Netcode Optimization Part 2

Published by

on

pi to uint16

Happy new years folks, continuing on my work from earlier I wanted to reduce the size of my data structures a bit as they are unoptimized. This post will go into some techniques and obvious changes to reduce my per-player sizes by 42 bytes per character, and reduce combat events by 8 bytes. Remember this is just for ‘new’ players becoming visible! Updated players sizes are much smaller as we are only sending deltas of the changes.

Not sending stuff

OK this is the easiest one to implement (mostly).
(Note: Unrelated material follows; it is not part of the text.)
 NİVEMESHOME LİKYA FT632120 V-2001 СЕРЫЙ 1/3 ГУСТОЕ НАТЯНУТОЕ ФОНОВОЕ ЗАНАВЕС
We simply don’t send information we don’t need. First on the chopping block was players traits, there’s no need to send the players int/con/wis/str over the network (unless you are inspecting a character, in which case I could use an RPC).
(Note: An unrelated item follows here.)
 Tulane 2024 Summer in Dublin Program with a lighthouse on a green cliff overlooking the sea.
So with that, we remove about 5 bytes (1 byte per stat).

Velocity

Next was velocity. I am calculating all players velocities on the server and sending that down to the player, including the velocity of all visible players, this is just not necessary. We send the server time (per client) in every packet, so given the last position, the server time, and the updated position we have all we need to just re-calculate the velocity on the client. Which is what we now do on the client’s world update state.

auto UpdateNetworkPlayer = Entity->player();
auto PreviousPosition = NetworkPlayer.get<units::Position>();
auto NewPos = units::Position{};

auto& NetworkCharacter = NetworkPlayer.get_mut<character::NetworkCharacter>();
auto DeltaServerTime = ServerTime - NetworkCharacter.ServerTime;
NetworkCharacter.UpdateServerTime(ServerTime);

if (UpdateNetworkPlayer->pos() != nullptr)
{
	NewPos = units::Position{UpdateNetworkPlayer->pos()->x(), UpdateNetworkPlayer->pos()->y(), UpdateNetworkPlayer->pos()->z()};
	NetworkPlayer.set<units::Position>({NewPos});
	Log->Debug("PreFrame: Player {}: Updating player {}, client at: {} {} {}", Player.id(), Entity->id(), NewPos.GetX(), NewPos.GetY(), NewPos.GetZ());
	if (NewPos != PreviousPosition)
	{
		JPH::Vec3 JphVel = ((NewPos - PreviousPosition) / DeltaServerTime) * 1000.f;
		NetworkPlayer.set<units::Velocity>({JphVel.GetX(), JphVel.GetY(), JphVel.GetZ()});
	}
}

We grab the current players position and the previous server time from the last packet we saw, if our position changed we set our new position and calculate New Position - Previous Position / Delta Server Time * 1000.f. We multiply by 1000 because our delta time is milliseconds.

There we go, we now no longer need to send 12 additional bytes per character!

Float compression

Games use floats for a lot of things, and my game is no different. However, the required precision of floats is dependent on where they are used. Things like player stats (health/mana etc), combat damage etc, USUALLY do not require much precision, in which case we can compress them.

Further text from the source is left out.